Iren’s 1.4 GW data-center switch-on in April and Broadcom’s 74% AI-chip surge create a one-two punch that sidesteps Nvidia’s valuation ceiling while still capturing the fastest-growing slices of the AI stack.
The Setup: Power, Not GPUs, Is the New Bottleneck
Wall Street still prices AI upside as if Nvidia’s H100s are the only story. Reality is shifting underfoot: hyperscalers now throttle deployments not by GPU availability but by megawatt capacity. Iren’s 3 GW pipeline sits inside that bottleneck, while Broadcom designs the domain-specific silicon that replaces Nvidia’s general-purpose GPUs inside those same walls.
Iren’s April Catalyst: 1.4 GW That Could Triple Contract Value
The Sweetwater 1 site flips online in April, adding 1.4 GW of grid-tied power. Management’s base case—$3.4 billion annual recurring revenue by the end of 2026—assumes only 16% utilization of secured power. Simple math: every extra 200 MW slice can replicate the $1.94 billion Microsoft deal. Seven identical wins fully utilize Sweetwater and lift ARR above $16 billion, a 4× upside scenario the market has not modeled.

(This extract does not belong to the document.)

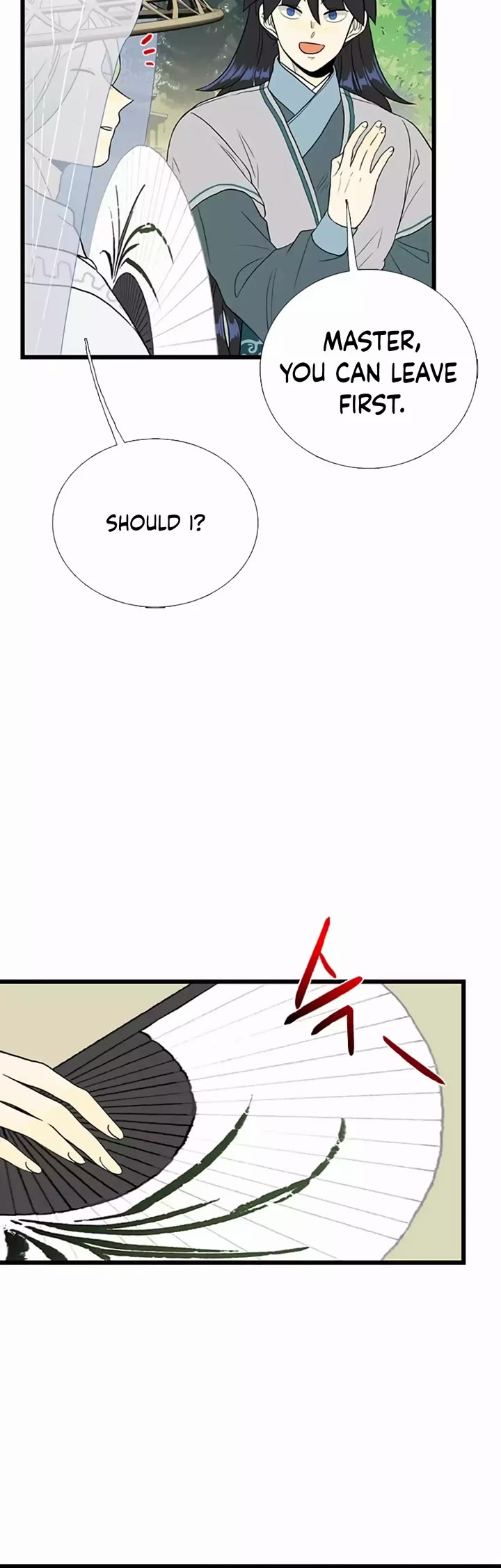 The Scholar's Reincarnation Chapter 200 page 33 - Chapter 200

- Five-year, $9.7 billion Microsoft master lease already locked (averages $1.94 B ARR).
- Remaining 1.2 GW at Sweetwater equals six additional Microsoft-scale contracts.
- Stock trades at 2.3× 2026E sales under the conservative $3.4 B guide—cheap if contracts accelerate.
Broadcom’s Hidden Leverage: Custom Silicon Margins Approaching 50%
Fiscal Q4 numbers show AI revenue up 74% year-over-year and guidance for Q1 implies a 100% plus run-rate. Net margin hit 46% last quarter on the back of custom AI chips that sell for 2–3× Nvidia’s average selling price because they bake in customer IP. Alphabet, Meta and ByteDance have all disclosed in-house accelerator programs that rely on Broadcom’s design libraries. Each new 3-nm tape-out carries a $250–$400 million non-recurring engineering fee; once in production, Broadcom collects a 60% gross margin royalty stream for five to seven years.
Valuation Cross-Check: Where the Market Still Yawns
Nvidia’s 28× forward sales leaves zero room for hiccups. Iren, even under the bull-case $16 B ARR scenario, trades at 0.9× sales. Broadcom, at 12× earnings, is priced like a mature semiconductor play despite AI revenue that could double again in 2026. Spread between the two names offers a barbell: Iren for torque, Broadcom for cash-flow ballast.
Risk Stack: Execution, Regulation, and Demand Migration
Texas grid stability and EPA permitting could delay Iren’s 2026 energization schedule by three to six months, pushing first revenue into 2027. For Broadcom, customer concentration is rising—top three hyperscalers now represent 38% of AI sales. Any architectural pivot to internally designed silicon (rumored at Amazon) would shave 5–7% from consensus revenue. Hedge: own both; their risk profiles are negatively correlated—power delays hurt Iren but don’t impact Broadcom, while silicon transitions hit Broadcom yet leave Iren’s colocation demand intact.
Positioning: How the Desk Is Playing It
Portfolio weighting 60% Broadcom / 40% Iren captures margin-rich cash flow while preserving upside optionality on power contracts. Use Broadcom’s 1.9% dividend to fund Iren’s volatility. Rebalance trigger: if Iren secures two more gigawatt-scale leases before July, equal-weight the pair and let the thesis ride through 2027.